Start of Data section

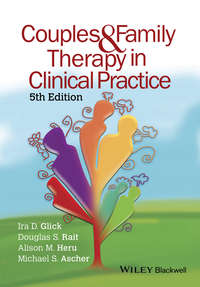 Обложка «Couples and Family Therapy in Clinical Practice»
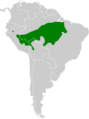 Epinecrophylla leucophthalma map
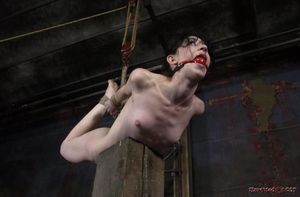 Incredible bondage picture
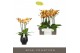 Phalaenopsis oranje Impresso Letizia - 4 tak, 40+ bloem - Abruzzo Blac 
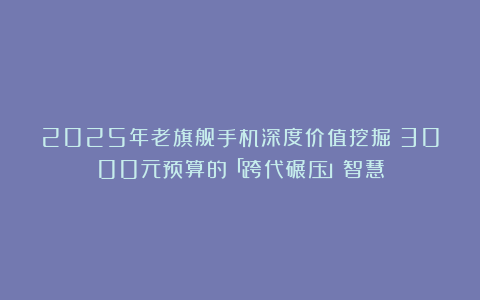 2025年老旗舰手机深度价值挖掘：3000元预算的「跨代碾压」智慧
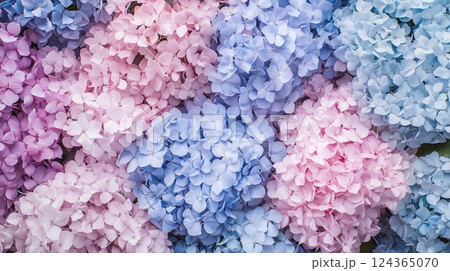 淡い色の紫陽花を敷き詰めた背景素材 124365070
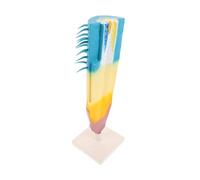 SUPVOX Corn Root Profile Model Educational Teaching Tool Botanical Root System Illustration Accurate Longitudinal Section for Biology Study Portable Plant Anatomy Display for Students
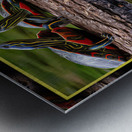 PAINTED TURTLES SUNNING Metal print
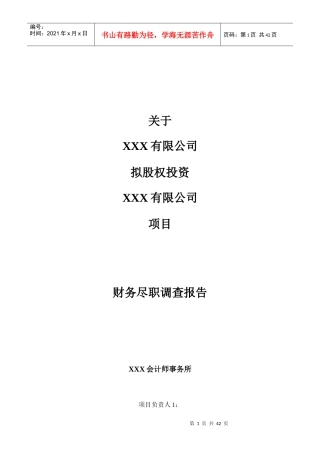 某公司财务尽职调查报告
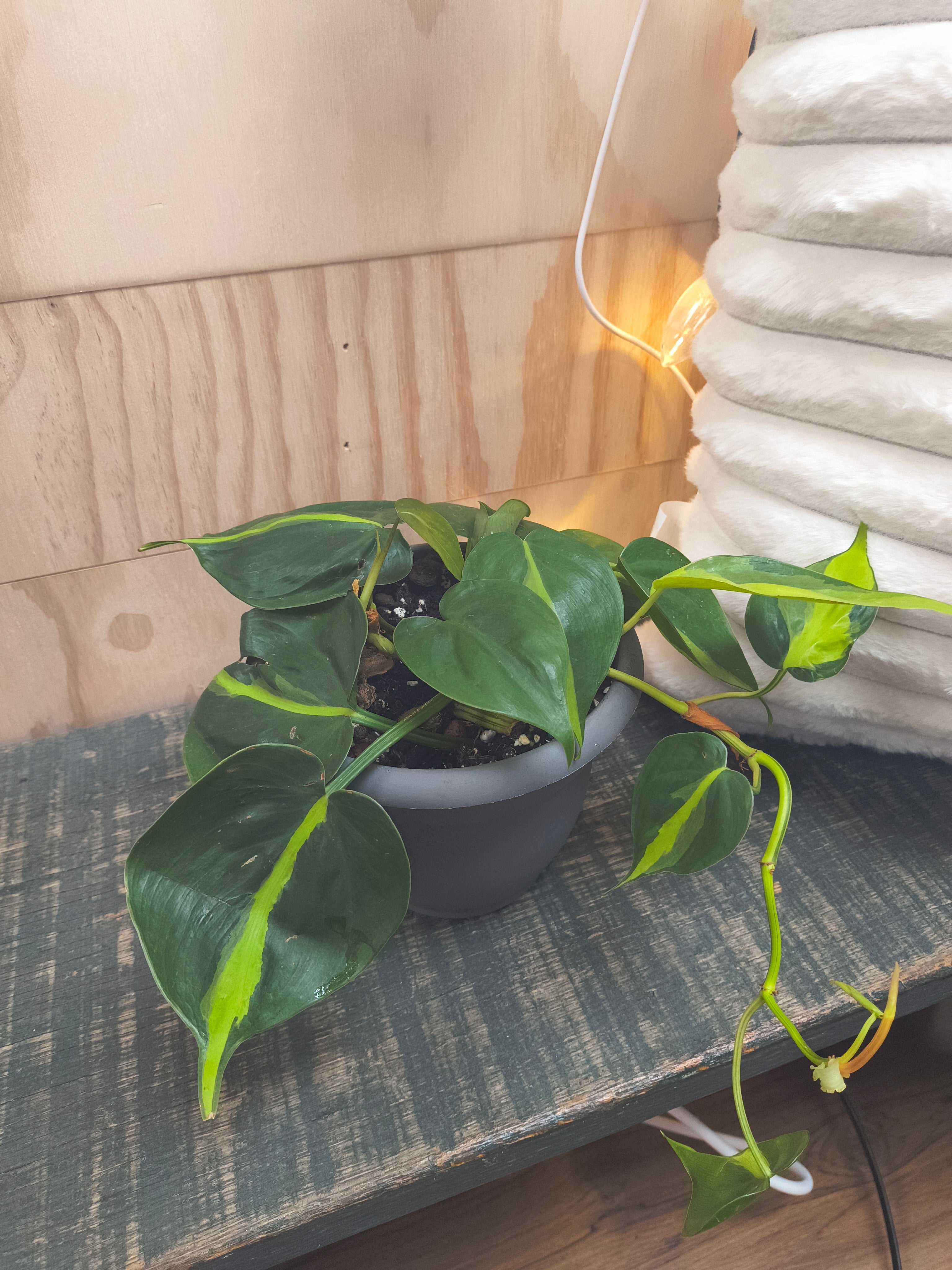 Philodendron Brazil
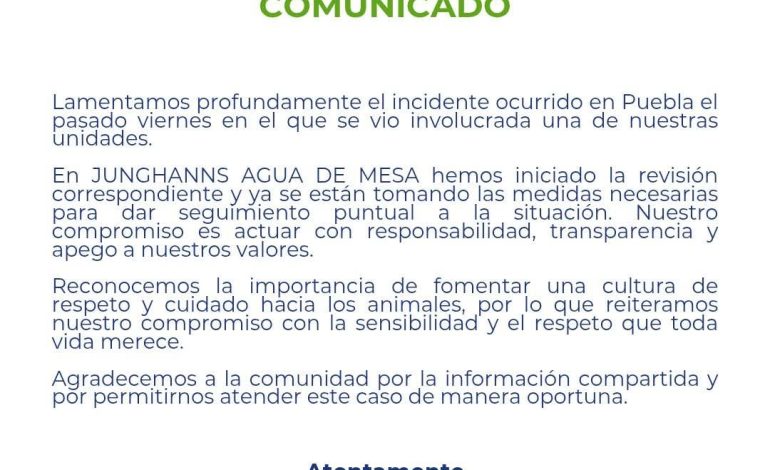 Junghanns reconoce atropello de perro en Puebla pero no aclara sanciones al conductor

End of Data section

◆ What you are asked to do
Leaving the pictures aside, repeat the data above exactly.

◆ Finished exercise
 Обложка «Couples and Family Therapy in Clinical Practice»
 Epinecrophylla leucophthalma map
 Incredible bondage picture
 Phalaenopsis oranje Impresso Letizia - 4 tak, 40+ bloem - Abruzzo Blac 
 2025年老旗舰手机深度价值挖掘：3000元预算的「跨代碾压」智慧
 淡い色の紫陽花を敷き詰めた背景素材 124365070
 SUPVOX Corn Root Profile Model Educational Teaching Tool Botanical Root System Illustration Accurate Longitudinal Section for Biology Study Portable Plant Anatomy Display for Students
 PAINTED TURTLES SUNNING Metal print
 某公司财务尽职调查报告
 Philodendron Brazil
 Junghanns reconoce atropello de perro en Puebla pero no aclara sanciones al conductor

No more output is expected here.